One of the many reasons we love walking for exercise in midlife and menopause is because it is an easy, accessible way for most women to stay active and get outdoors. But what do you do when hot and humid, cold and rainy, or snowy and icy weather keeps you inside?  Don’t use it as an excuse to skip your workout!

Keep Moving With An Indoor Walking Workout 

Most days, you can make some adjustments, dress appropriately, and weather the storm or the heat. For the days when it’s unsafe or impractical to walk outside, turn to our three indoor workouts that will boost your mood, fight belly fat, give you more energy, and help ease those menopause symptoms. The change of pace will also challenge your body in new ways and add variety to your usual routine. Plus, consistency is the key to seeing results from your exercise efforts.

These three workouts can be done in the comfort of your home (or at the gym) no matter what the weather may be.

Workout 1:  The 30-Minute Treadmill Trio

One of the great things about walking on a treadmill is that you’re in command. You control the climate. You can easily walk a precise distance and track your progress. You can add hills when you want them and get rid of them when you don’t. You can multitask while you walk, watching TV, talking on the phone, scrolling social media, or checking your email. Or you can get focused and crank out a heart-pumping, calorie-blasting walk like this one. Adding speed and incline intervals will rev up the fat-burning power of your walk.

Warm-up (easy to moderate intensity)

  • 3 minutes: 2.5-3.0 mph, 1% incline
  • 3 minutes: 2.8-3.3 mph, 1% incline
  • 3 minutes: 3.0-3.5 mph, 1% incline

Part 1: Steady pace (moderate intensity)

  • 3 minutes: 3.2-3.8 mph, 1% incline

Part 2: Speed intervals (moderate to hard intensity)

  • 1-minute fast interval: 3.5-4.5 mph, 1% incline
  • 1-minute recovery interval: 3.0-4.0 mph, 1% incline
  • Repeat 2 more times

Part 3: Hill climb burst (moderate to very hard intensity)

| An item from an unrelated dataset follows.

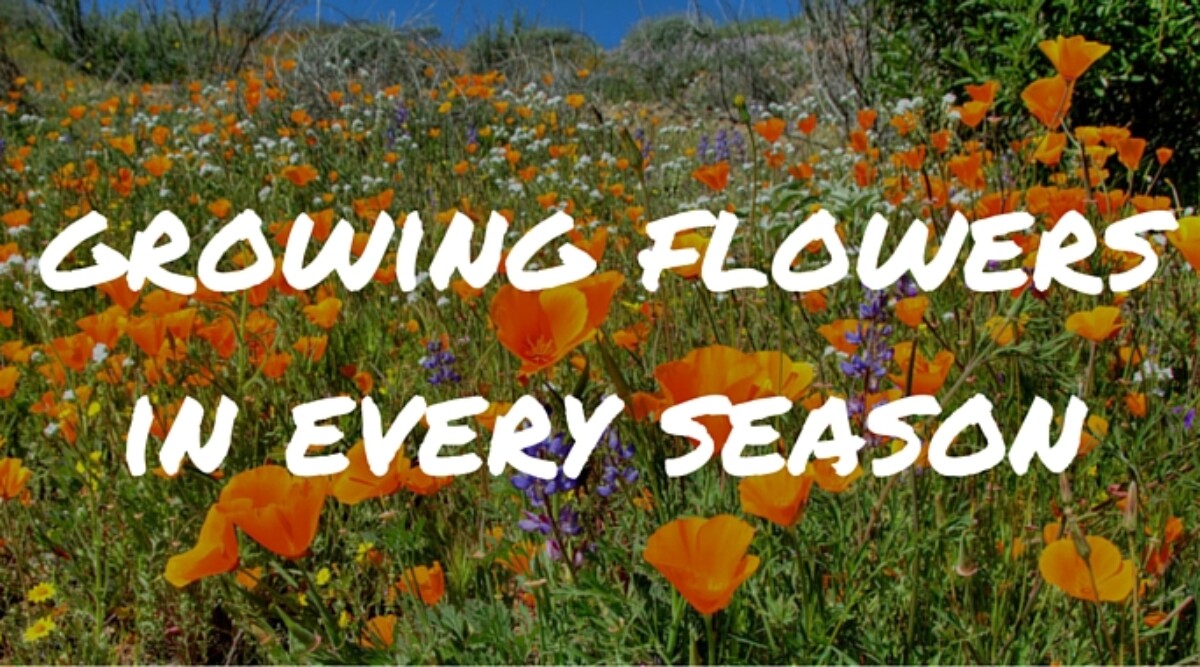 Seasonal Flowers Growing Guide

  • 30 seconds: 3.0-4.0 mph, 2% incline
  • Repeat 8 more times, increasing the incline by 1% each time
  • 60 seconds: 3.0-4.0 mph, 1% incline
  • 30 seconds: as fast as you can go, 1% incline

Cool-down (moderate to easy intensity)

  • 2 minutes: 3.0-3.5 mph, 1% incline
  • 2 minutes: 2.8-3.3 mph, 1% incline
  • 2 minutes: 2.5-3.0 mph, 1% incline

Workout 2:  15-minute High-Energy Indoor Workout

You don’t need any equipment or a lot of space to get an indoor, energy-boosting walk. Unlike walking outdoors, you can safely change the direction and ways your moving—going side-to-side and forward and backward and adding moves like kicks and knee lifts—to work more muscles, which prevents muscle imbalances and boosts your calorie burn. So, turn up your favorite tunes and get moving.

Warm-up

1 minute: march in place

Part 1: Fancy Footwork

  • 20 steps marching in place
  • 20 heel taps in front of you
  • 20 front kicks
  • 20 knee lifts
  • 20 steps marching in place

30 seconds: walk on your heels with your toes off the floor

30 seconds: walk on your toes with your heels off the floor

Repeat Part 1 one more time

Part 2: Fast Feet

  • 20 basic marches in place
  • 20 fast marches in place
  • Repeat 3 more times
  • 20 basic marches in place

1 minute: speed walk around your house, exploring as many rooms as possible

Repeat Part 2 one more time

Part 3: Multi-direction Moves

  • 20 side-to-side steps
  • 10 rock steps on left foot (step right foot in front of you and then behind you, so you’re rocking on your left foot; each front and back step counts as 1)
  • 20 side-to-side steps
  • 10 rock steps on right foot (step left foot in front of you and then behind you, so you’re rocking on your right foot; each front and back step counts as 1)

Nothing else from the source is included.